Since its inception, the project has continued to improve and have new features added. Its version 5.0.0, released in 2017, was a major evolution offering many improvements, including support for long-term planning, and support for SSL certificates.
Apache Oozie is now widely used in many companies for coordinating Hadoop jobs and workflows.
How does Apache Oozie work?
Apache Oozie is a scheduling system designed to manage and execute Hadoop jobs in a distributed environment. You can create pipelines by combining different jobs, such as Hive, MapReduce or Pig.
As an open-source Java web application, Oozie is responsible for triggering your various workflows. Task completion is detected using a callback and polling principle. When Oozie starts a task, it automatically provides the task with a unique HTTP callback URL, and notifies this URL as soon as the task is completed.

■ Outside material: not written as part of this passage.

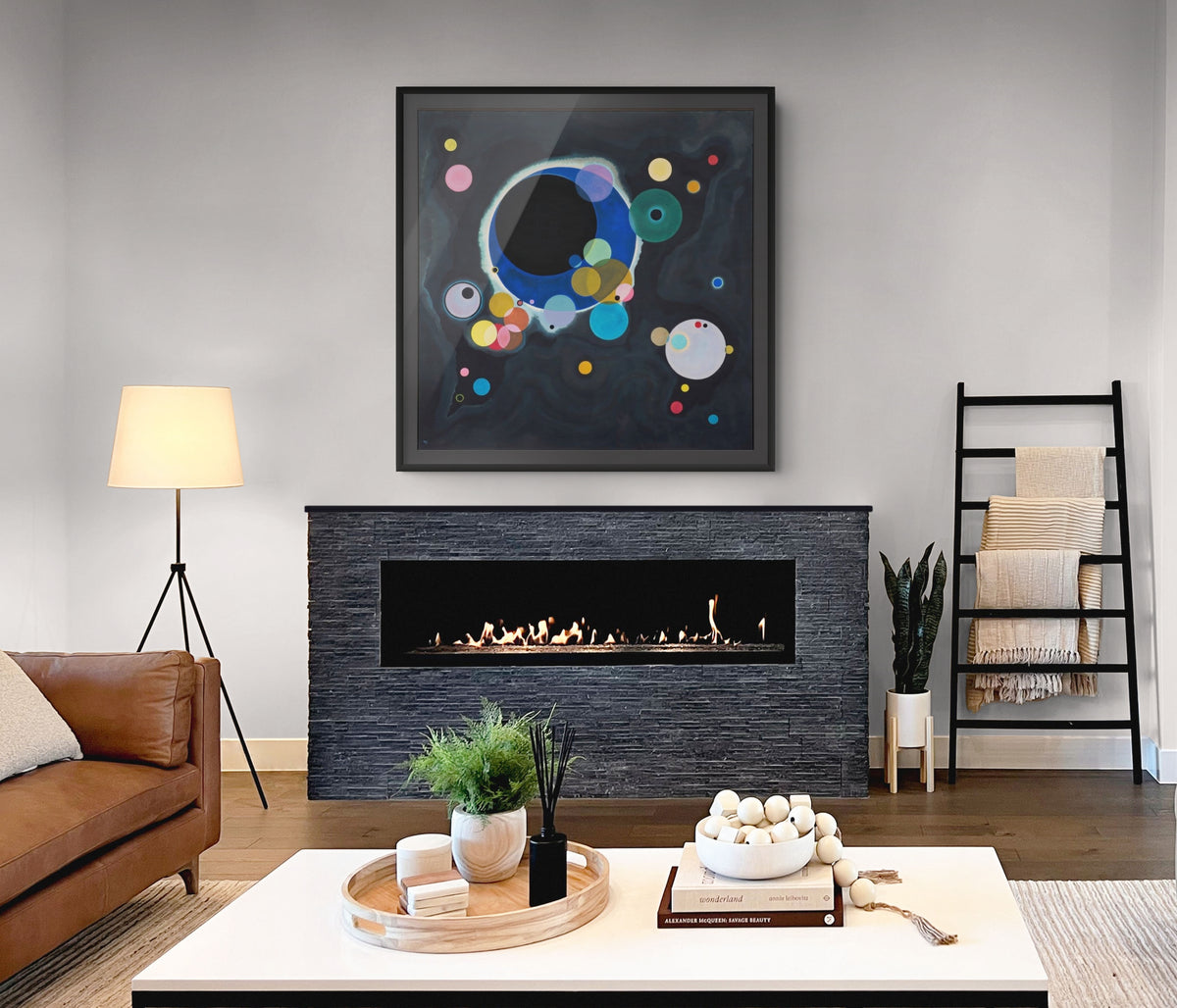 Varios círculos - Wassily Kandinsky - Lienzo premium 430g (calidad de galeria)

In the event that the task fails to invoke the callback URL, Oozie can poll the task to check whether it has completed.
Apache Oozie has 3 job types:
An Apache Oozie workflow is a sequence of actions organized as a directed acyclic graph (DAG). These actions depend on each other, so that the next action can only be executed after the previous action has been completed.

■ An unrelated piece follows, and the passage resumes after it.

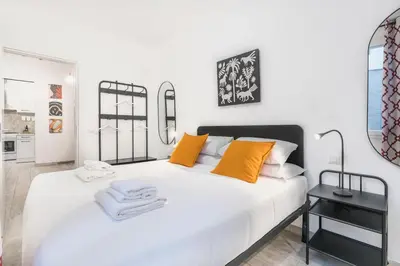 Letto o letti in una camera di Corte Santa Maria - Florence Dolce Vita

Different types of actions can be created as required. The workflow and any scripts or .jar files must be positioned in the HDFS path before executing the workflow.
If we want to run several jobs in parallel, we can use Fork. For each use of Fork, a join must be used at the end of the Fork. Join assumes that all nodes running in parallel are children of a single Fork, as shown in the following diagram.
The Apache Oozie coordinator lets you schedule complex workflows. It triggers these workflows according to time, data or event predicates. In this way, workflows start as soon as the given condition is met.
The definitions required for coordination workflows are as follows:
- start: Date and time of job start
- end : Job end date and time
- timezone: Time zone of the coordination application
- frequency: In minutes, the frequency at which work is to be carried out
Some additional properties are also available for control information:
- timeout: the maximum time, in minutes, that an action will wait to satisfy conditions, before being rejected
- concurrency: the maximum number of actions that can run in parallel
- execution: Order of execution, among FIFO, LIFO and LAST_ONLY
Oozie bundles are not, strictly speaking, a type of job. They are a grouping of several coordinator or workflow tasks. Bundles thus generate their own life cycle.
Apache Oozie is a powerful and flexible tool for the efficient, coordinated management of Hadoop jobs and workflows. Thanks to the advanced features discussed in this article, Oozie has become a must-have for distributed data analysis.
If you or your customer are looking for an efficient way to manage your Hadoop workflows, Apache Oozie is a tool to seriously consider.